Since January 2019, Bor has been struggling with excessive air pollution, with sulfur dioxide (SO2) levels topping 2,000 micrograms per cubic meter in the past several months, up from the maximum allowed 350, resident Katarina Vasković said at the protest held on October 14, Bor 030 reported.
Protesters demanded that the city government urgently adopt a short-term plan so that the line ministry and state inspectorates can react to the alarming pollution levels in Bor.
— Web Tim ''Bor 030'' (@Bor030) October 14, 2019
Protesters handed the demands to Zijin, the city government, representatives of the Ministry of Environmental Protection, and the Bor administrative district, giving them 10 days to respond.
Bor Mayor Aleksandar Milikić reacted during the summer over excessive SO2 and harmful particulate matter (PM) pollution, saying that air pollution is “unacceptable in Bor.”
A reaction from Serbia Zijin Bor Copper followed in September.
The company said in a press release at the time that environmental problems in Bor had been ignored for more than a century and that RTB had neglected to implement the necessary flue-gas desulfurization measures during the construction of the new copper smelter, also noting that the smelter equipment is outdated.
According to the press release, Zijin is already taking measures to reduce air pollution and plans to build a flue-gas desulfurization facility, as well as to take other steps to improve the smelter’s efficiency and the stability of the production process.
Fire erupts at newly built smelter in 2015
Insajder’s journalists have investigated the deal that the Serbian government concluded in 2010 with Canada’s SNC-Lavalin for the construction of the new smelter.

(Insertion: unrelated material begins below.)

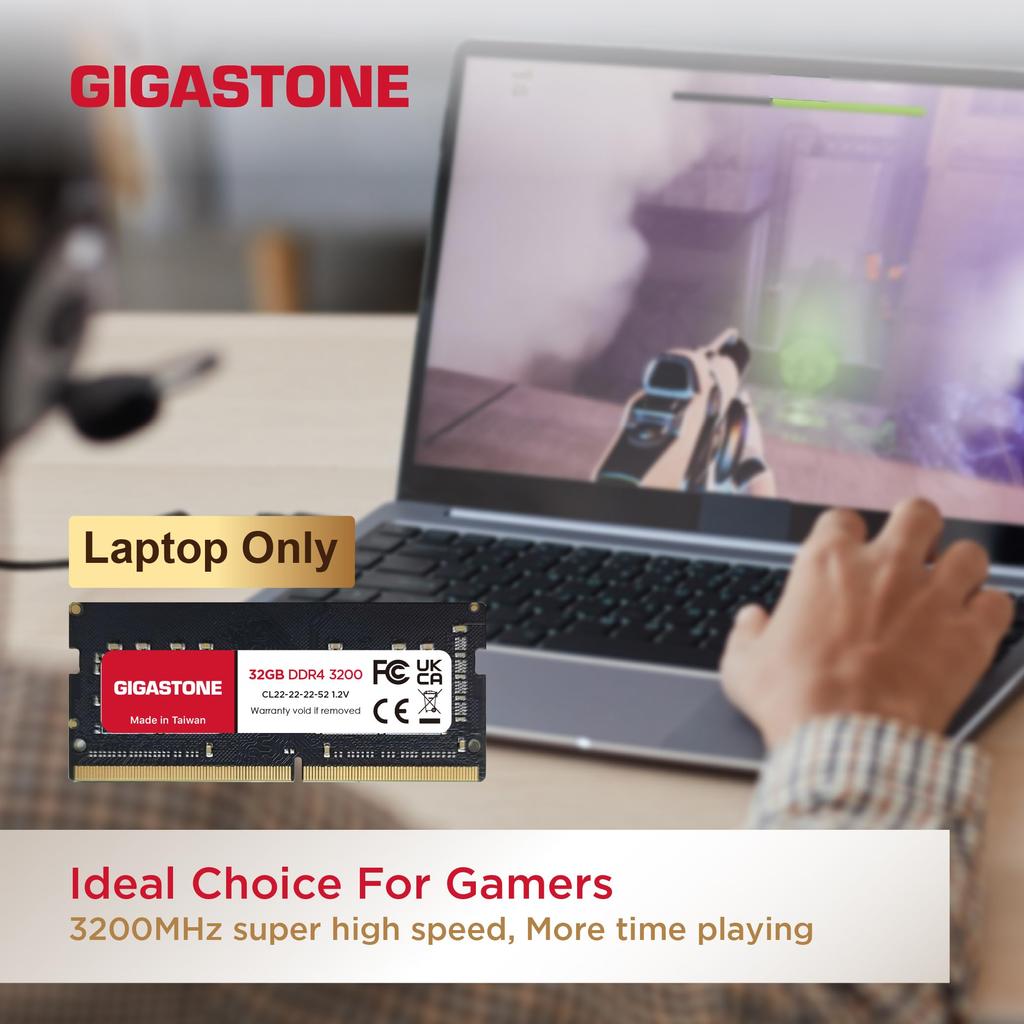 GIGASTONE 32GB x 2 DDR4 3200MHz or CL22 SODIMM Unbuffered Laptop Memory Module Upgrade (64GB Kit) (2933MHz 2666MHz) PC4-25600 (PC4-23400/21300) 1.2V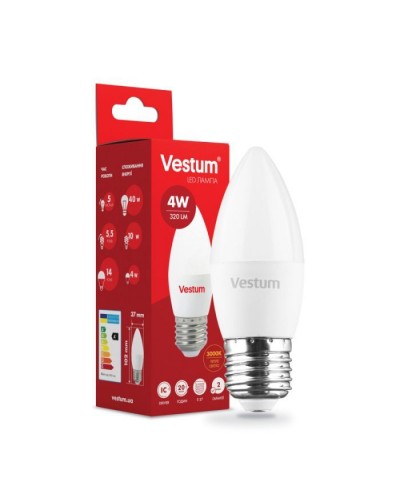 Лампочка Vestum C37 4W 3000K 220V E27 (1-VS-1306)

The investigative series called “A Debt Mine” looked into how the investment cycle in Bor in 2009 led to uncontrolled spending and the suspension of the Public Procurement Law, allowing for major deals to be agreed in direct talks with investors.
The biggest of these investments was made in the construction of the new smelter, and its value tripled over three and a half years, from EUR 100 million to EUR 300 million.
SNC-Lavalin was contracted for the project in direct negotiations with the Economy Ministry, at the time headed by Mlađan Dinkić, and RTB’s management led by former top man Blagoje Spaskovski, Insajder recalled in the March 2019 article.